Hornresp

Hi just a guy,

To sum it up, the Driver (diaph) Driver graph in Akabak and the Total Pressure graph in Hornresp show the actual cone stress.

Correct - although as soongsc has quite rightly pointed out, our discussion has only focussed on the stress due to differences in air pressure. The very significant contribution of the driver diaphragm and voice coil dynamic mechanical mass has not been considered.

If this formula is grossly oversimplified in the same manner it becomes 1 lb - 1 lb = 0 lbs. It does NOT show the actual stress on the cone. I'm not sure this information has any practical purpose at all for enclosure design.

The only reason I mentioned the formula was because I thought that in your reactance annulling experiments you were trying to equalise the pressure on each side of the diaphragm. The chart value would become zero in this case and could be easily seen.

Kind regards,

David
 
Is acoustic stress on the cone more than the mass induced stress? Seems to me it would be less.

Hi soongsc,

Thanks for pointing this out. You are quite right, normally the mass induced stress would be greater. The diaphragm acceleration chart in Hornresp together with the value of Mmd can be used to calculate the stress, if required.

Kind regards,

David
 
Mmd is not the correct mass to use to determine the worst case load or stress on the cone.
The accelerating force comes from the voice coil. That voice coil mass is accelerated directly by it's own force.
The coil former has some mass, that will load the glue joint between coil and former.
Both of these masses do not load the cone.

Mmd should have the former mass and the voice coil mass and the glue mass subtracted to leave the cone mass. The cone mass times the acceleration gives the cone loading due to moving mass.
Then add on the loading due to air load.
 
Mmd is not the correct mass to use to determine the worst case load or stress on the cone.
The accelerating force comes from the voice coil. That voice coil mass is accelerated directly by it's own force.
The coil former has some mass, that will load the glue joint between coil and former.
Both of these masses do not load the cone.

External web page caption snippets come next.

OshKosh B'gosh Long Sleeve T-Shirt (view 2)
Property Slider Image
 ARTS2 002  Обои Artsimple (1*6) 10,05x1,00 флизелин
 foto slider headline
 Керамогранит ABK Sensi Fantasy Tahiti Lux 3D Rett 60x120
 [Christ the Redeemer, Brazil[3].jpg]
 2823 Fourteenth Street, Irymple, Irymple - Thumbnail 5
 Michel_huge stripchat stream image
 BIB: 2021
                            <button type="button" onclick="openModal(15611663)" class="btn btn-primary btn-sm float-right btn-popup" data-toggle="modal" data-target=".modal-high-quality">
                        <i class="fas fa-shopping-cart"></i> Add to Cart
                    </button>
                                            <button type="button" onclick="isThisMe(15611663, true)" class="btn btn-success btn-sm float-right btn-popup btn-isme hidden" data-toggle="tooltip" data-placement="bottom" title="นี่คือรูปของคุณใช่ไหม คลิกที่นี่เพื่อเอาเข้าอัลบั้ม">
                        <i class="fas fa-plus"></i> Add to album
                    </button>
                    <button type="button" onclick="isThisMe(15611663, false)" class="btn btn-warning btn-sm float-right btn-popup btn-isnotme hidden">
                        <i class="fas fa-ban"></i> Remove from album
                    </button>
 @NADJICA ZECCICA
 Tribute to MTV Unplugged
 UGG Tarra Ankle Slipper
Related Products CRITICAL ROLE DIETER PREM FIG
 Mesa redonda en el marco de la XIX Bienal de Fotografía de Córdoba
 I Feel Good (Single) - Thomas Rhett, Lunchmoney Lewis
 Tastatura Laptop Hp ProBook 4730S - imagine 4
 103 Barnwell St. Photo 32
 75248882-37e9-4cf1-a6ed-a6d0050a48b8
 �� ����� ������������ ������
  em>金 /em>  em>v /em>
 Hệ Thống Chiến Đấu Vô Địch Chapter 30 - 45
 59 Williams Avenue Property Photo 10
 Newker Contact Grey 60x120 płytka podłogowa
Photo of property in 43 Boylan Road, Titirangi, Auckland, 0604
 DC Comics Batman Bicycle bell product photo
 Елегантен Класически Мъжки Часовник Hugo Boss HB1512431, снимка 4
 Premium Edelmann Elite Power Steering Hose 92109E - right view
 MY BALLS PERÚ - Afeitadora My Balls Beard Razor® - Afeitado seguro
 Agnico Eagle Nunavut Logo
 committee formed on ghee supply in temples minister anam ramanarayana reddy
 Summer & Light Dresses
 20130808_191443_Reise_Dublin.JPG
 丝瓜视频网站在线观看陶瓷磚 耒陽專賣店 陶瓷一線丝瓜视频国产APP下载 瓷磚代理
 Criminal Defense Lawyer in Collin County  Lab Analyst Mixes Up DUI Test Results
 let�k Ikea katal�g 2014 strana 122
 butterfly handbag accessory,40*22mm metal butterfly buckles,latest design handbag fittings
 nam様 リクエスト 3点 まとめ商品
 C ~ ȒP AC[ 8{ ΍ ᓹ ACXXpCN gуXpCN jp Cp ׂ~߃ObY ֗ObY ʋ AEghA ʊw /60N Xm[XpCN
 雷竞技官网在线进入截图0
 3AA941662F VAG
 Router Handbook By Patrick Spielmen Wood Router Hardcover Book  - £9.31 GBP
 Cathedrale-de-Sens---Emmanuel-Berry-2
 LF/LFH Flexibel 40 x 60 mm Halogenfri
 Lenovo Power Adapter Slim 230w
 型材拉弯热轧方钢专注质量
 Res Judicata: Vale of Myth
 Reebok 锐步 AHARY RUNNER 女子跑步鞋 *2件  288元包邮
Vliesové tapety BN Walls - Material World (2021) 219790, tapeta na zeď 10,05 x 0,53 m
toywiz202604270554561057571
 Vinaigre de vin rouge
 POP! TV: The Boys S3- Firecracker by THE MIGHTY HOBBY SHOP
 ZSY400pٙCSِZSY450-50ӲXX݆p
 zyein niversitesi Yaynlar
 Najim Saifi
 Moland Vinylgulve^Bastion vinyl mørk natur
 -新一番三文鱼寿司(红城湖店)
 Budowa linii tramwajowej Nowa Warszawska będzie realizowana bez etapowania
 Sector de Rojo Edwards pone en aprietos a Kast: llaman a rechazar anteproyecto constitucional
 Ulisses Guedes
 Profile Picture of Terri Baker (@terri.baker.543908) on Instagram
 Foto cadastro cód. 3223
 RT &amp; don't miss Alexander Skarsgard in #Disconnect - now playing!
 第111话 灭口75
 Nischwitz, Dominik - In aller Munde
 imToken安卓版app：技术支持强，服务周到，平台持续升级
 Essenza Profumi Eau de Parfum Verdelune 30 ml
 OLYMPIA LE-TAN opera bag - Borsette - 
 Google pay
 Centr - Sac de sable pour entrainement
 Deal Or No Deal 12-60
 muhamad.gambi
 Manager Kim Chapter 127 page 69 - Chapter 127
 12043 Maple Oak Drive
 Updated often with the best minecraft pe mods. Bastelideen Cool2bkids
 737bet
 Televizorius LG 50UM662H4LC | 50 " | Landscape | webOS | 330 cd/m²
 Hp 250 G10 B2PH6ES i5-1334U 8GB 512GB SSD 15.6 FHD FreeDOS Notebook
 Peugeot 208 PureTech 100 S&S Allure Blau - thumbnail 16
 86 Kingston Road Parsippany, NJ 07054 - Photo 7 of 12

Mmd should have the former mass and the voice coil mass and the glue mass subtracted to leave the cone mass. The cone mass times the acceleration gives the cone loading due to moving mass.
Then add on the loading due to air load.

Strictly speaking this is correct.

But pretty much unobtainium for most of us mortals. Even when I am working on a driver design some of these numbers are educated guesses until you have a final product.

You can do a simpler force calculation including the Cms by calculating newtons per watt at the given efficiency. That is much more real world engineering.

@ Master McBean.

Totally awesome dude!

I'm sure we are going to coax you into tweaking this a bit, but this is getting exceptionally useful.
 
Hi soongsc,

Thanks for pointing this out. You are quite right, normally the mass induced stress would be greater. The diaphragm acceleration chart in Hornresp together with the value of Mmd can be used to calculate the stress, if required.

Kind regards,

David
If we are going to assume the diaphragm is rigid body. First of all the net force is motor force subtracting the suspension force, BL and Km are not constant throughout the travel. The mass is the sum of VC+former+diaphragm+effective suspension mass. From this you can calculate acceleration, throughout the excursion, but what is the purpose of calculating stress on the surface?

I do analysis to predict behavior of diaphragm deformation, but if hornresp does not do this, then I cannot understand why calculate this? ABEC recently added capability to import diaphragm vibration deformation into it, so the radiation pattern would not be as a rigid surface. But that is 3D data. I am not even sure how good it is.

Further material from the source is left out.